Connor Schoen and Tony Shu were just weeks away from opening Breaktime Cafe, their job-training initiative for youth experiencing homelessness, when the pandemic hit. They knew they had to do something fast or risk having their whole idea fall apart.

“In the beginning, when it became evident that the cafe was not going to be open in May, we were grappling with unknowns,” Shu said. “It took us a while and a lot of reflection to realize that sometimes you have to be able to let go. Letting go temporarily allows your eyes to open to see what other needs are out there.”

So Schoen ’20 and Shu ’21, who met as first-years while volunteering at Harvard Square’s youth homeless shelter, Y2Y, came up with a creative solution. Instead of learning about the food business through a cafe, program participants could run a service that produced and delivered meals to organizations and families across the state whose members were homeless, disabled, senior citizens, or impacted by the coronavirus. With the support of the Social Innovation and Change Initiative at Harvard Kennedy School, where Schoen and Shu were 2019 Cheng Fellows, they were able to clearly define the social impact they wanted to have, and adapt their model given the changing environment.

In April, Breaktime opened up 10 spots for young people experiencing homelessness and launched the meal-delivery service.

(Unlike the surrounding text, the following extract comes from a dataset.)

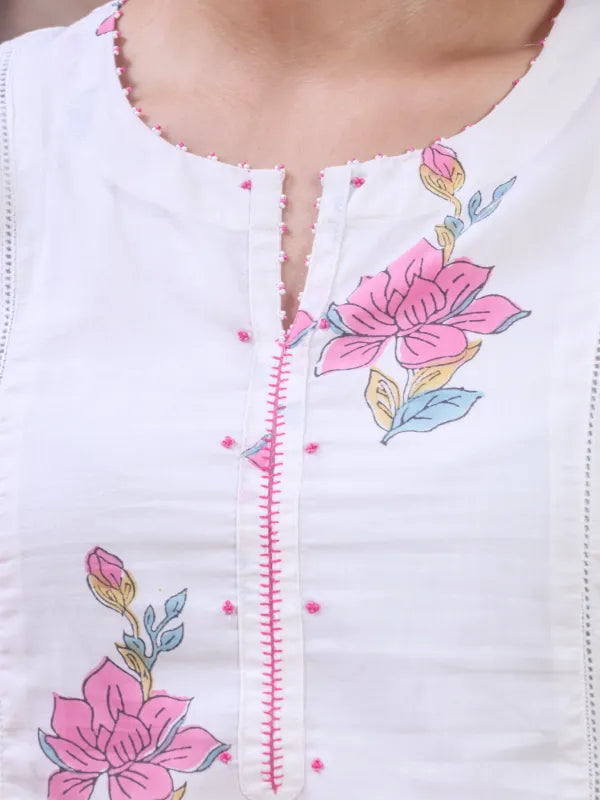 Chitrang – White Floral Printed Kurta Set with Pink Pants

Five months later, it has provided more than 30,000 meals to communities in need.

According to Schoen and Shu, the service has a “double impact”: providing jobs and supporting the vulnerable.

Tony and Connor.
Tony Shu (left) and Connor Schoen at one of Breaktime’s dropoff sites, the Cape Verdean Association of Boston. Behind them are boxes containing Breaktime meals.

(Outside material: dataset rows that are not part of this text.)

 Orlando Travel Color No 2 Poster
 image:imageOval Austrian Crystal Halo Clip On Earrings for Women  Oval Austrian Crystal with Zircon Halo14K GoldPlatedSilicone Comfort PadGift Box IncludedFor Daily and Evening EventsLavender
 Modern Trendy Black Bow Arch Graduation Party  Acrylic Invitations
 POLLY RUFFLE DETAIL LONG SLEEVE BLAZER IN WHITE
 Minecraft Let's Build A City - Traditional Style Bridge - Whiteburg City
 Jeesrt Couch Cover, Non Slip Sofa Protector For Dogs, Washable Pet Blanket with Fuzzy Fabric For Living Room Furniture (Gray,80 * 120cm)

“It’s so easy to feel powerless right now and it’s really inspiring to see how [our employees] really jumped into action,” Schoen said. “We’ve been heartened to hear that they’ve found a lot of meaning and purpose through this work.”

Breaktime partners with Community Works Service — the landlord for Breaktime’s facility at 170 Portland St. in Boston — which serves as the wholesale provider for the cafe and trains program participants in food preparation. Breaktime also received funding from City of Boston to ensure that it could continue to produce meals through the summer.

Breaktime develops and adapts the menus with the head chef of Community Works Service. Their goal is to create healthy meals at a reasonable cost with ingredients that are readily available. Offerings include meat or a meat substitute, fruit and vegetables, and a carb. They try to avoid major allergens, and 30 percent of meals are vegetarian.

“We understand that to get from farm to kitchen to someone’s doorstep, there’s a lot of steps to get there,” Schoen said.

“It was only from letting go of this intense attachment to this one project that we were able to see that our model can be translatable to a lot of different areas.”

Tony Shu

A set ordering schedule is prepared at the end of each week for the following week and responds to what was submitted the previous week. Meal sites include Boston Resiliency Fund, the Cape Verdean Association of Boston, Jewish Family Services, Project Hope, Sojourner House, and the Nazareth Center.

In May, more than 60 residents of Huntington House Shelter were displaced after a fire broke out at the YMCA at 316 Huntington Ave. in Boston. In response, Breaktime quickly ramped up its production to serve 500 meals to that same site for the whole weekend.

Besides meal delivery, the organization offers cleaning and sanitization services, and mask production for local business and offices that are reopening.

“Without trying to recreate the wheel, we can work with existing programs to grow them,” Shu said. “It was only from letting go of this intense attachment to this one project that we were able to see that our model can be translatable to a lot of different areas.”